Writing for a diverse audience
It ain't all it's cracked up to be, but it DOES make you think
Last week, I turned in a column for Hearst that was a longer version of something I wrote here, about Jason Aldean and country music — and a little about small towns.
This week, I wrote about a nameless, gutless person who accused my local library (where I’m on the board) of grooming children for “pedophiles. and perverts.”
The columns are behind a paywall, but I included in the first one paragraphs such as these:
{Country music] has been around for more than a century. Farm folk and hill people borrowed the banjos of Africa and mandolins of Europe to create high lonesome tunes that were introduced to the larger world about the same time as was Christian fundamentalism, in the early part of the last century.
and
At its best, country music captures the quiet struggles of regular people. At its worst, it’s a bro-fest of chest-thumping and threats against pretend enemies who are pretend-set on citifying the good people of the USA, God bless her.
At its extreme worst, “citifying” is code for “urban” which is code for “people who don’t look, smell, and sound like us.” Surely you know the drill.
That moved a person I’ve never met to post on Twitter:
This guy is new to the platform, or he would have tagged my workplace (@UNewHaven) for greater impact.
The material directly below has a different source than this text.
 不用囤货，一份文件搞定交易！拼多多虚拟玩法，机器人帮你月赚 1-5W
I answered (I was polite) and then muted the account because who has time to explain this kind of thing to someone who isn’t trying very hard?
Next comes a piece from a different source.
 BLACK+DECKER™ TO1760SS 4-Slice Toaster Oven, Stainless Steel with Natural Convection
The second column got me a snootful of direct messages that accuse me of all kinds of sexual crimes of which I am innocent. You read. You pause to think how very mundane is your life, and then you move on.
I’ve always found that when it comes to name-calling, the only names that give me pause are the ones I suspect are at least partially true. Call me a groomer, and I roll my eyes and move on, but all afternoon on the day the tweeter responded to the first column, a thought kept bubbling up. It wasn’t “am I a flat-out covert racist,” but “aren’t we all?”
Let me explain by asking another question: Is it possible to grow up in the U.S. and not be racist or — at the least — grow up and harbor racist thoughts? And yes, I know we can go down multiple rabbit holes defining racism so let’s done and say we did.
The Twitter chucklehead notwithstanding, I often feel as if I will spend the rest of my life unlearning the racist things I learned growing up (things that have nothing to do, chucklehead, with how people smell).
I may not act on those thoughts, but I have thoughts that, laid out for all to see, could be labeled nothing but “flat out” racist.
I wish it wasn’t so. I’m not blaming the people who taught me these things. They learned them, too, and living in a part of the country where homogeneity was de rigueur, it is easy to grow up looking at the rest of the world as “other.”
In times of trial, I turn to my Bible and to science, two things that aren’t necessarily mutually exclusive. The Bible tells me to love everyone, regardless. That takes care of the outward acts but for a fundamentalist, that’s not enough. Thinking about something naughty is the same as doing something naughty. Does science say we’re all racist? This guy, writing in Scientific American in 2017, said no, though the writer was responding (skeptically) to implicit bias tests that were all the rage at the time. This guy (whom I greatly respect) says the first plank of a racist platform is denial (“…but, but, but some of my best friends are fill-in-the-blank”).
Denial can get you through many a dark and lonely night but it can also impede any kind of growth that might interest you. I’m going to go with people like Ibram X. Kendi, and keep on learning — and unlearning. I don’t want to be flip here, but the things I’m unlearning aren’t that covert — you may have learned them, too. Does that make them flat-out racist? Well, yeah.
The HUGE difference between you and the trolls who gutlessly throw anonymous insults at you (ad hominem fallacy, anyone?) is that you constantly self-reflect. Those others? They lack either the ability or the interest (or both) in such honest thinking.
I grew up in Texas in the 50s and 60s. The only Black people I ever had contact with were either maids or yard-workers employed by my more well-off relatives. Racism was in the air I breathed.
It's taken me a lifetime to realize and admit to myself just how much prejudice I harbor. Being aware is half the battle.